Microsoft's Security Advisory 2501696 warns about a zero-day security breach in "all supported versions of Microsoft Windows." The affected software, per Microsoft's advisory, includes XP SP3, Vista, 32- and 64-bit versions of Windows 7, and Windows Server 2003 SP2 and 2008 SP2. But Microsoft fails to mention that only IE users -- including users of the latest IE 9 beta -- are vulnerable.
The problem lies in the way MHTML files get processed. MHTML is a file format Microsoft invented more than a decade ago that is designed to smash together disparate pieces of a Web page -- HTML, of course, but also Java applets, Flash files, and other multimedia content. The idea is to establish a kitchen-sink format so that you can save a Web page, with all of its pieces, in one file. Although MHTML has been published as an RFC-proposed standard, the format never took off. This particular zero day lets a jiggered MHTML file take over your computer if you click on a link to that file.
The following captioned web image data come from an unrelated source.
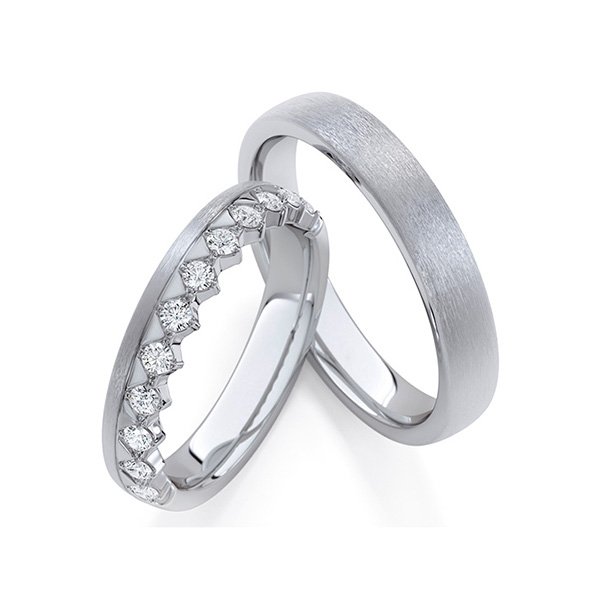 Paar klassische Memoire-Trauringe/Eheringe in Graugold 585 halbausgefasst mit zus. 0,36 ct. tw, si von Steinberg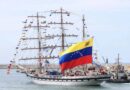 Buque Escuela Simón Bolívar arriba al puerto marítimo de Santa Marta en Colombia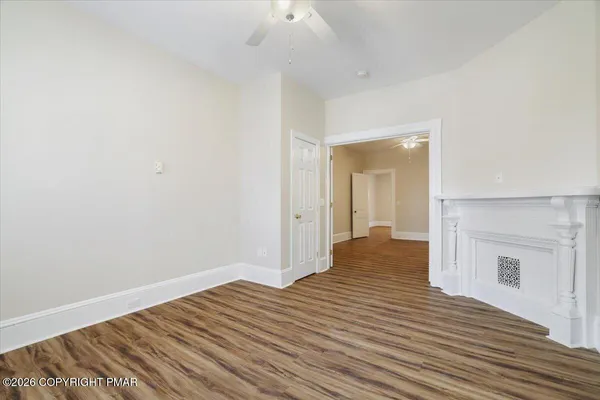 $1,375 | 1309 Washington Street, Easton, PA 18042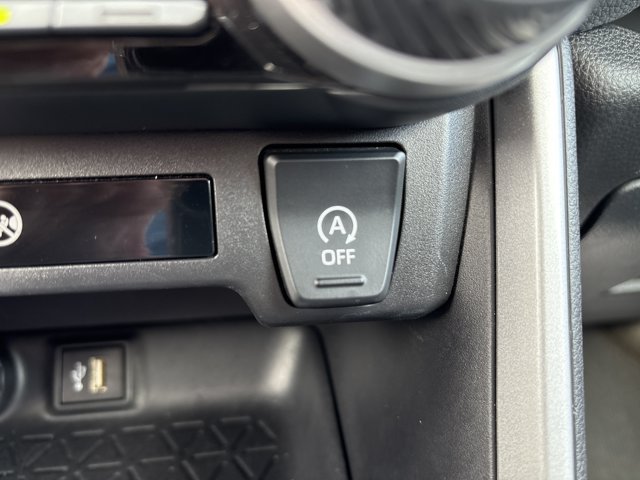 Used 2025 Toyota RAV4 XLE w/ Convenience Package FWD image 29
What Microsoft didn't make very clear is that the security hole can only be triggered through Internet Explorer. Firefox, Chrome, and Safari are quite safe because they don't support MHTML. They never have. While the buggy MHTML rendering pieces may sit inside Windows, you can only get bit by using IE. Any version of IE, no less, including the latest beta versions (and rumored Release Candidate) of Internet Explorer 9.
Of course, Microsoft doesn't want to cast aspersions on its latest browser. So Windows takes the fall.
In a masterpiece of Microsoft wordsmithing, we're told, "Internet Explorer is an attack vector, but because this is a Windows vulnerability, the version of IE is not relevant." Thus, IE isn't to blame. The dirty deed is done by Windows. Never mind that IE is the only attack vector, and that opening a contaminated MHTML file will allow IE to infect any default installation of Windows.
There's a Fixit available in KB article 2501696 that basically turns off MHTML.
Bottom line: Microsoft is trying to make this look like a hole in Windows. Literally, that's true, it is a hole in Windows. But the vulnerability comes about because of a defect in Internet Explorer, brought about by a design decision -- the MHTML format -- that Microsoft made long ago, and no other vendors have followed.
Using similar logic, Microsoft could claim that the enormous crop of ActiveX vulnerabilities we've slogged through over the past decade were all Windows fault, because the corrupt controls run under Windows. Internet Explorer was merely an attack vector, you see -- not the villain but the victim. Nothing like a little bit of revisionist history to prepare us for the release of IE 9, eh?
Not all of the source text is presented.